• Data shown:
++++++

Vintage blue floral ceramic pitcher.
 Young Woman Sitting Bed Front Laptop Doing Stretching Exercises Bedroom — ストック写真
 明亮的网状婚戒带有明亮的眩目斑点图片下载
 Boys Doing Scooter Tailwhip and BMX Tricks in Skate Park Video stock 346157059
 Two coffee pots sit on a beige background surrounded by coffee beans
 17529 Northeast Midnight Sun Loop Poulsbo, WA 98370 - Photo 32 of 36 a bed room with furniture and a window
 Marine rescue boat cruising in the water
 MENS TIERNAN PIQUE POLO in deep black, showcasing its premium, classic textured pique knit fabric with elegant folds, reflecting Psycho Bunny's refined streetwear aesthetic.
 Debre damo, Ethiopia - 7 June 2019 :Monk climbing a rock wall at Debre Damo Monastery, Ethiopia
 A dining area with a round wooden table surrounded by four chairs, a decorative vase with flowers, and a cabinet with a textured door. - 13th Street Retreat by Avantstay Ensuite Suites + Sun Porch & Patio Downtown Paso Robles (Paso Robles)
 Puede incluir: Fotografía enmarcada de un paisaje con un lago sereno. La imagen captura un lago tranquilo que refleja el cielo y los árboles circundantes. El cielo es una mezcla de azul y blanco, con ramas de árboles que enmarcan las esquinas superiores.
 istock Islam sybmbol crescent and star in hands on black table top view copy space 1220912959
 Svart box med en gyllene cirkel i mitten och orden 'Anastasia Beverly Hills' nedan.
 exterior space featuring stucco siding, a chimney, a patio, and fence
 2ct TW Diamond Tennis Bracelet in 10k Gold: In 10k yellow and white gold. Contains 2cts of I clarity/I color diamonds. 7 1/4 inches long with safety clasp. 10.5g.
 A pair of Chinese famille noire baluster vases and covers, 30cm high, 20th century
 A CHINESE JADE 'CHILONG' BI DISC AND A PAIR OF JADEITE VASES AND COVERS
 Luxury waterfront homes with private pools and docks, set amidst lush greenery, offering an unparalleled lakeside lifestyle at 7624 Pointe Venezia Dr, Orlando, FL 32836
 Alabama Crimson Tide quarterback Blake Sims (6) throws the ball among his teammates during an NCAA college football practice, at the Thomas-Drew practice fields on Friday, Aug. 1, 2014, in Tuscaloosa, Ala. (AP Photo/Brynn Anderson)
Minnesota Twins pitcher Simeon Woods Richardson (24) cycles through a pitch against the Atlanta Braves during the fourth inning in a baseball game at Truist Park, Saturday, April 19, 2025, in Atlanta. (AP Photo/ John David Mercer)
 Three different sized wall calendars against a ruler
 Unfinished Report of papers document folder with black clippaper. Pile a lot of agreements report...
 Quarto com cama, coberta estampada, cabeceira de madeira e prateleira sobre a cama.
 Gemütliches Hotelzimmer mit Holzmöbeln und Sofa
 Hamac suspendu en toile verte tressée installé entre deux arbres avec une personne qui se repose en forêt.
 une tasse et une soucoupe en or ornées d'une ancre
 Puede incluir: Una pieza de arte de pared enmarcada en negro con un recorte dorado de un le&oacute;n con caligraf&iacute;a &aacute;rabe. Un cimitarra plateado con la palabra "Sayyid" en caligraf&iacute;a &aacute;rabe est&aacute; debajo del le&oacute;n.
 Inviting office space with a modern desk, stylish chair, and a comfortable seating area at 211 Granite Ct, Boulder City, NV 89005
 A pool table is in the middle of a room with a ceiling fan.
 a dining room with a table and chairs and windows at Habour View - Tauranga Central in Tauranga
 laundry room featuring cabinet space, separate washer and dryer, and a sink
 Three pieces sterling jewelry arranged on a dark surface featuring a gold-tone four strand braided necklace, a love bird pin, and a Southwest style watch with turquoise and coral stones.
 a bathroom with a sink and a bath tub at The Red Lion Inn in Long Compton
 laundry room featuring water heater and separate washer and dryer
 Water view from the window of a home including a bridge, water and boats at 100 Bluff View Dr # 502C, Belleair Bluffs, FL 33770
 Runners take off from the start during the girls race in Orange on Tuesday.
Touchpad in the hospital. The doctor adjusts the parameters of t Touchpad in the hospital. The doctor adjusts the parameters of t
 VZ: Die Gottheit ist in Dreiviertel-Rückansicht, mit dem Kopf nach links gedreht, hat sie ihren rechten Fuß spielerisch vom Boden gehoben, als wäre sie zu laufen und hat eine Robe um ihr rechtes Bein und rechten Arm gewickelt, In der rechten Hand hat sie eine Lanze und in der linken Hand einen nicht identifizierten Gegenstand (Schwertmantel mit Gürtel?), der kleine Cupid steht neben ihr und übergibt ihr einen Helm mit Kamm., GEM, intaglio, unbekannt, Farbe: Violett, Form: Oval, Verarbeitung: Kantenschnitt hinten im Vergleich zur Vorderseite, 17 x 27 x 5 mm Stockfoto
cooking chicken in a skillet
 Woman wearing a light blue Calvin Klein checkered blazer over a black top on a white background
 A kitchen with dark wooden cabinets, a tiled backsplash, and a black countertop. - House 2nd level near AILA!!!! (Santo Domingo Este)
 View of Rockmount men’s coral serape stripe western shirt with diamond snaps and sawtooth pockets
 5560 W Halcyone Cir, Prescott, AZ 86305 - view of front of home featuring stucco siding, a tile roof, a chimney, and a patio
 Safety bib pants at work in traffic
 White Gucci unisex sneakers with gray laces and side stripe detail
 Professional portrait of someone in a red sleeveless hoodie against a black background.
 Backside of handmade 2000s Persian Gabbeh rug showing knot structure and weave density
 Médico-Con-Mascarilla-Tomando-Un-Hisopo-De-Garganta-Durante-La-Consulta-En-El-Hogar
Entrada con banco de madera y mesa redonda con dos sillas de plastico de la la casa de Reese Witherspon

++++++

• Work to be completed: Return nothing but the lines from the top of the records above through the line that has "MENS TIERNAN PIQUE". Keep each one exact.

• Response:
Vintage blue floral ceramic pitcher.
 Young Woman Sitting Bed Front Laptop Doing Stretching Exercises Bedroom — ストック写真
 明亮的网状婚戒带有明亮的眩目斑点图片下载
 Boys Doing Scooter Tailwhip and BMX Tricks in Skate Park Video stock 346157059
 Two coffee pots sit on a beige background surrounded by coffee beans
 17529 Northeast Midnight Sun Loop Poulsbo, WA 98370 - Photo 32 of 36 a bed room with furniture and a window
 Marine rescue boat cruising in the water
 MENS TIERNAN PIQUE POLO in deep black, showcasing its premium, classic textured pique knit fabric with elegant folds, reflecting Psycho Bunny's refined streetwear aesthetic.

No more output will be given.